Coppola tenta il suicidio, salvato

L’immobiliarista era ai domiciliari: ha ingerito un cocktail di ansiolitici. I legali: «È depresso»

Lexotan è un ansiolitico a base di bromazepan. Nelle giuste dosi serve a tenere sotto controllo quel po’ di angoscia che molti si portano addosso. Ma un intero flacone di Lexotan, inghiottito in un colpo solo e mischiato a un cocktail imprecisato di altre pasticche, può spedire al Creatore. Ieri pomeriggio l’immobiliarista Danilo Coppola, ai domiciliari nella sua casa romana, lo hanno afferrato letteralmente per i capelli. Ambulanza, ospedale, lavanda gastrica. Alle 9 di ieri sera Vittorio Emanuele Falsitta, il commercialista che lo assiste, può dire «È fuori pericolo» con il tono di chi ha visto la tragedia a un passo.
Mancava solo questo, per trasformare l’odissea giudiziaria di uno dei giovani leoni del mattone italiano – i quattro self made man che sembrava dovessero cambiare volto alle città italiane, Coppola, Ricucci, Zunino e Statuto – in un dramma a fosche tinte. Che l’inchiesta della Procura di Roma per bancarotta fraudolenta avesse minato pesantemente dopo l’equilibrio finanziario di Coppola anche l’equilibrio interiore lo si era capito già in dicembre, quando era evaso dagli arresti domiciliari per andare a farsi intervistare da Sky. Un altro detenuto, al posto suo, sarebbe stato richiuso in carcere. Ma, almeno in quell’occasione, il tribunale fu comprensivo, e si convinse di essere davanti a un uomo in crisi più che a un pericoloso fuggiasco. Così Coppola rimase ai domiciliari, e il processo andò avanti. Ed è in quel processo, nella «totale sordità» (parole di Falsitta) dei giudici alle sue ragioni che sta una delle spiegazioni della sua crisi sempre più acuta. Culminata nella boccetta di Lexotan, la strada più veloce per girare pagina. Tutte le pagine, di colpo. Chiudere il libro.

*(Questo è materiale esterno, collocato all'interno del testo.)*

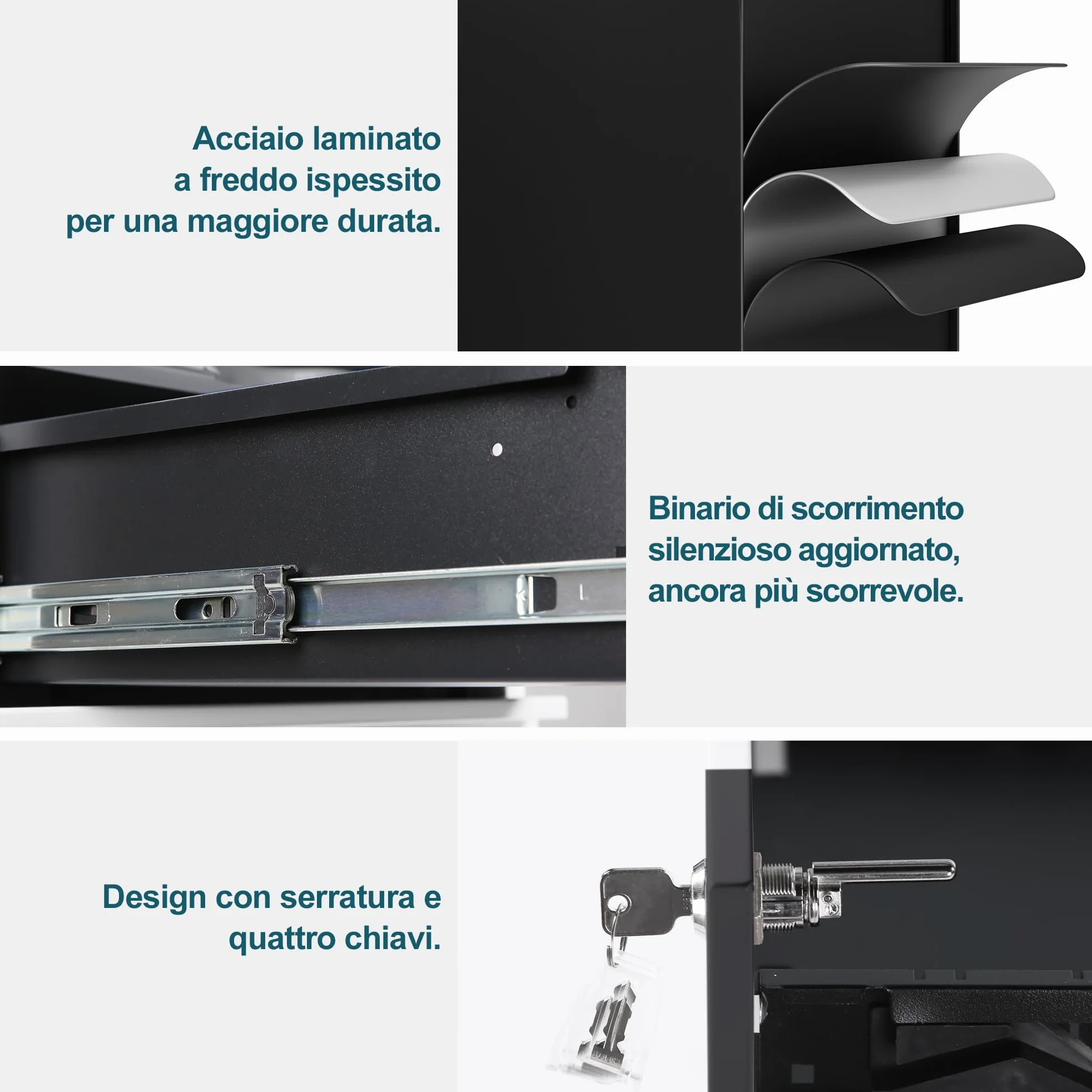 Cassettiera da Ufficio con 3 Cassetti, Scrivania con Ruote, Armadietti in Metallo, Completamente Assemblato, Nero, Ufficio, Studio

Qualche segnale, in realtà, era già arrivato. Il 29 maggio, alla nuova udienza del processo per bancarotta fraudolenta, era venuto a testimoniare in aula Falsitta. Il commercialista di Coppola aveva spiegato ai giudici come l’imputato starebbe cercando di risarcire il fisco del gigantesco «buco» di cui è accusata la Micop, la cassaforte dei suoi affari andata a gambe all’aria per i suoi debiti con l’erario. Falsitta aveva anche spiegato come Coppola ormai sia un ex immobiliarista, un ex imprenditore che si sta liberando di tutte le sue proprietà, e quindi non potrebbe tornare a delinquere. Al termine dell’udienza, i difensori di Coppola – Gaetano Pecorella e Michele Gentiloni – avevano presentato una nuova istanza di liberazione. L’ennesima: appena due settimane prima, si erano sentiti dire di no. «Se ci diranno ancora di no potremmo fare un gesto clamoroso», avevano detto, e probabilmente alludevano alla rinuncia al mandato. Ma il loro assistito li ha anticipati.

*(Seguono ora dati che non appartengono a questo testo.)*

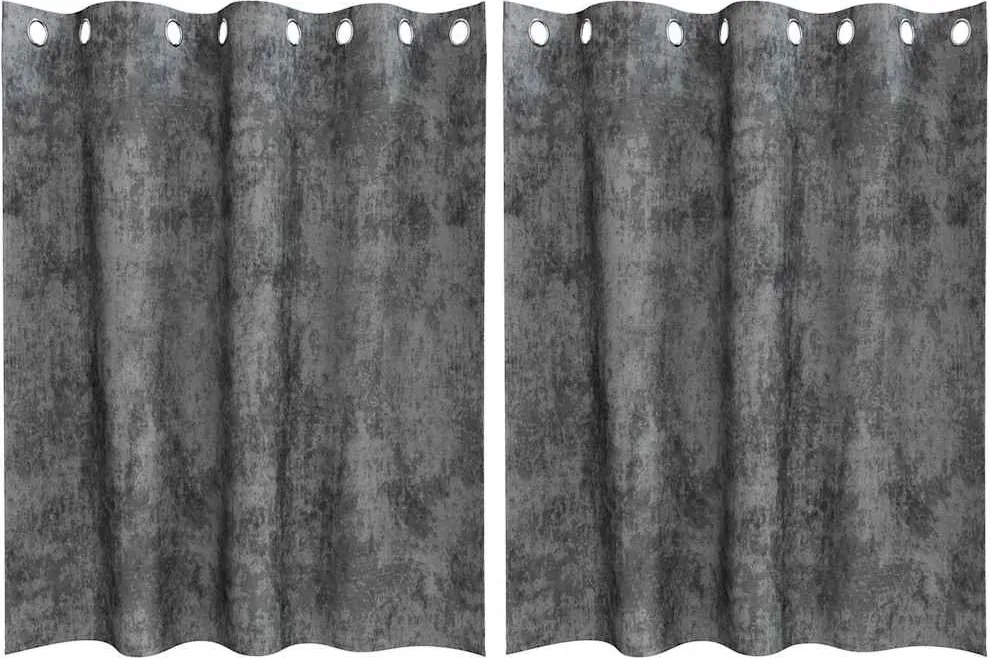 vidaXL Bársonyfüggönyök függönyökkel 2 pcs Szürke 140 x 140 cm Bársony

Per un uomo comune è forse difficile da capire come arresti domiciliari confortevoli come quelli di Coppola possano risultare tanto insopportabili. Ma i pochi che hanno parlato con Coppola di recente dicono che a segnarlo così sia la rabbia, l’impotenza. Davanti ai suoi giudici, certo.

Ma ancora di più di fronte a quelli che non lo hanno mai amato e ora si preparano a divorare il suo impero. Un esercito che, dicono i difensori «stringe i tempi per strappare a Coppola, esausto e malato, Porta Vittoria e il Lingotto a metà del loro valore».